Problem to work on: Omit the pictures found among the records and print everything else exactly as it stands.

*** Opening Supplied records ***

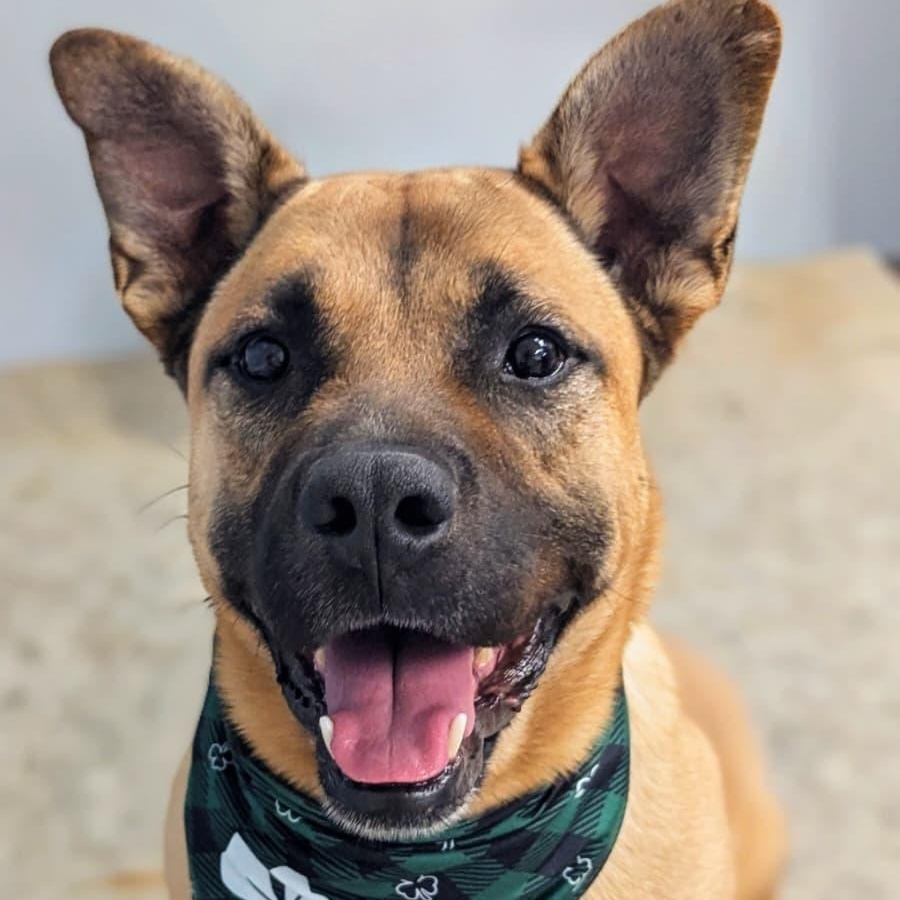 Brian, ADOPTABLE, Adult Male German Shepherd Dog.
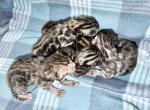 4 kittens available meet in person - Bengal Kitten For Sale - Corning&comma; CA&comma; US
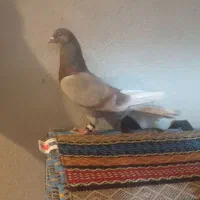 نر بوز با دوتا حلقه تو پاش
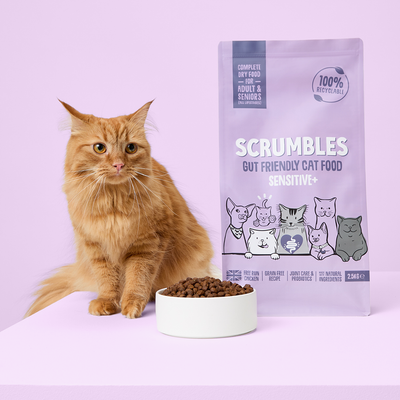 Sensitive+ Dry Cat Food Bowl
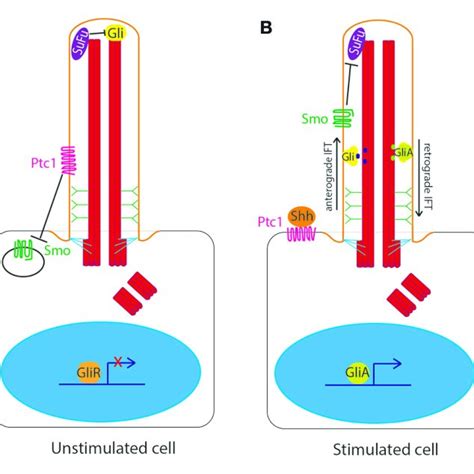 PDF Signaling Through The Primary Cilium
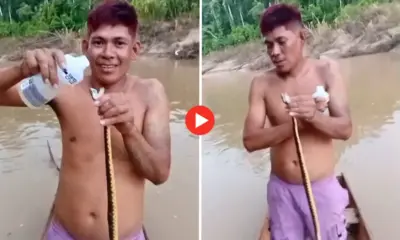 No Acre, Indígena dá álcool para cobra e mata animal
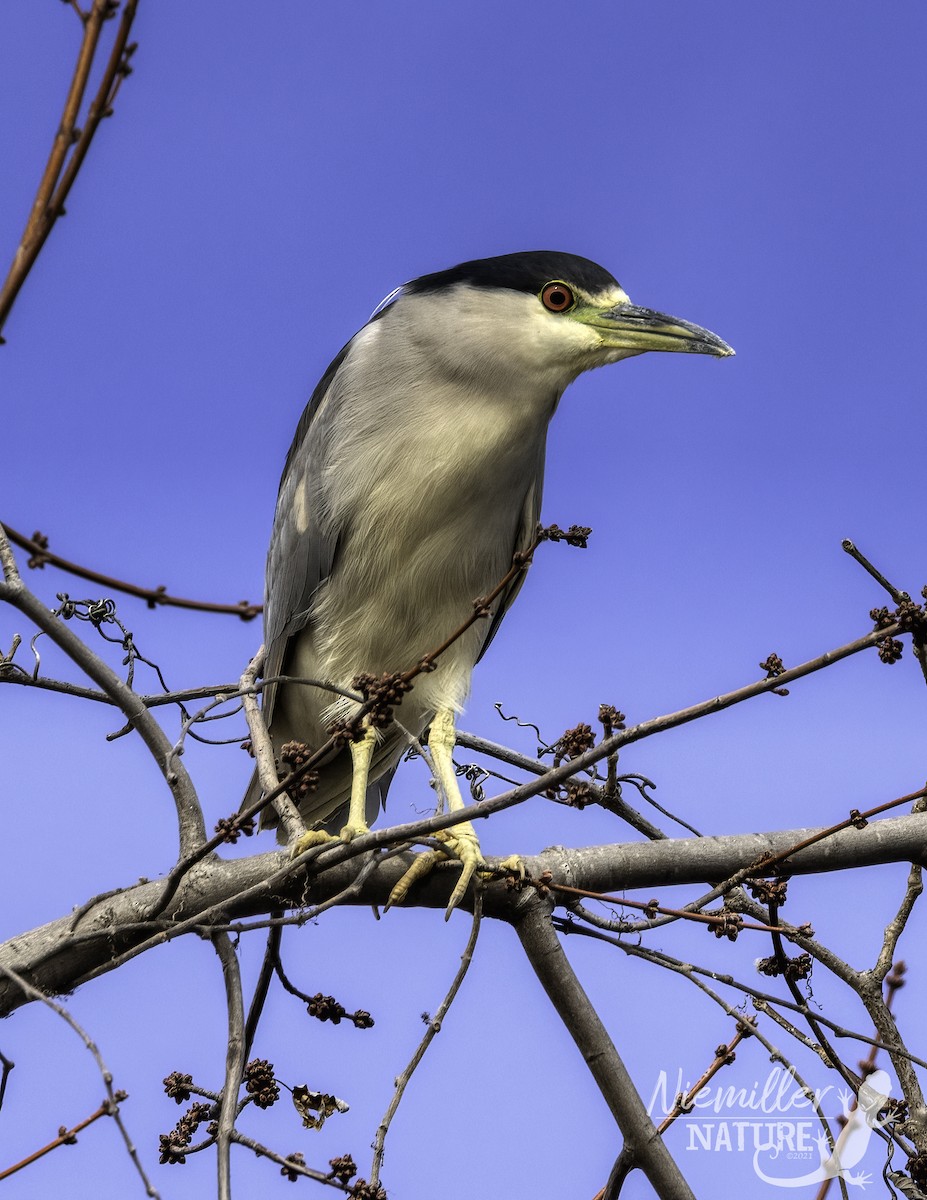 Black-crowned Night Heron - ML526781121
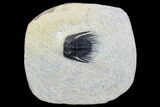 Spiny Leonaspis Trilobite - Morocco #126926-1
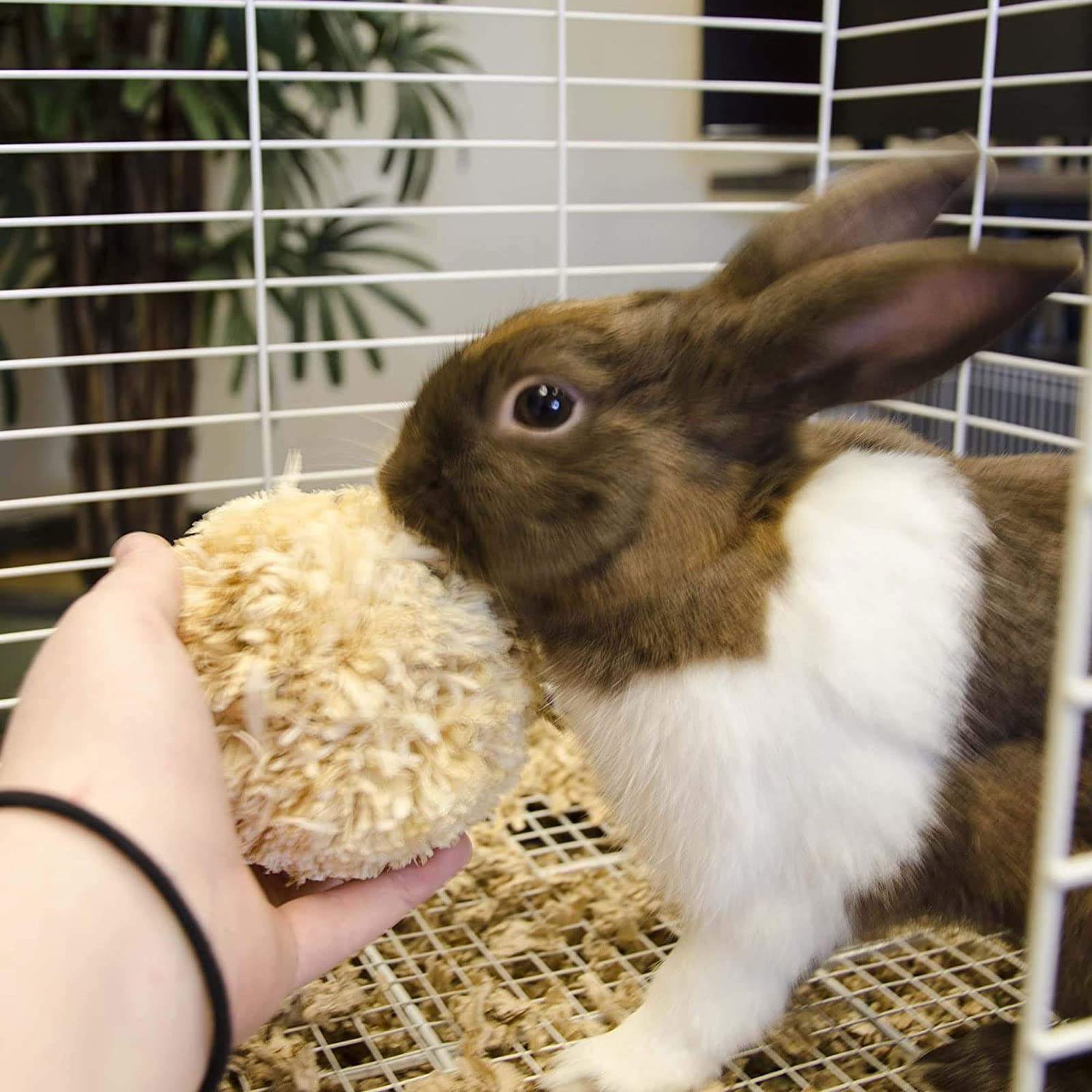 Natural Corn Husk Chew Toys for Rabbits, Chinchillas & Hamsters - Healthy Teeth Treats for Small Pets - Perfect for Cage Enrichment & Dental Care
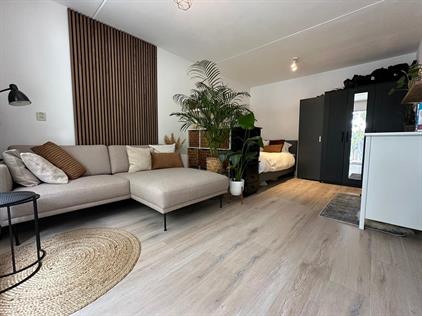 Room for rent 250 euro Braziliedreef, Utrecht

*** Closing Supplied records ***

Solution to this task:
 Brian, ADOPTABLE, Adult Male German Shepherd Dog.
 4 kittens available meet in person - Bengal Kitten For Sale - Corning&comma; CA&comma; US
 نر بوز با دوتا حلقه تو پاش
 Sensitive+ Dry Cat Food Bowl
 PDF Signaling Through The Primary Cilium
 No Acre, Indígena dá álcool para cobra e mata animal
 Black-crowned Night Heron - ML526781121
 Spiny Leonaspis Trilobite - Morocco #126926-1
 Natural Corn Husk Chew Toys for Rabbits, Chinchillas & Hamsters - Healthy Teeth Treats for Small Pets - Perfect for Cage Enrichment & Dental Care
 Room for rent 250 euro Braziliedreef, Utrecht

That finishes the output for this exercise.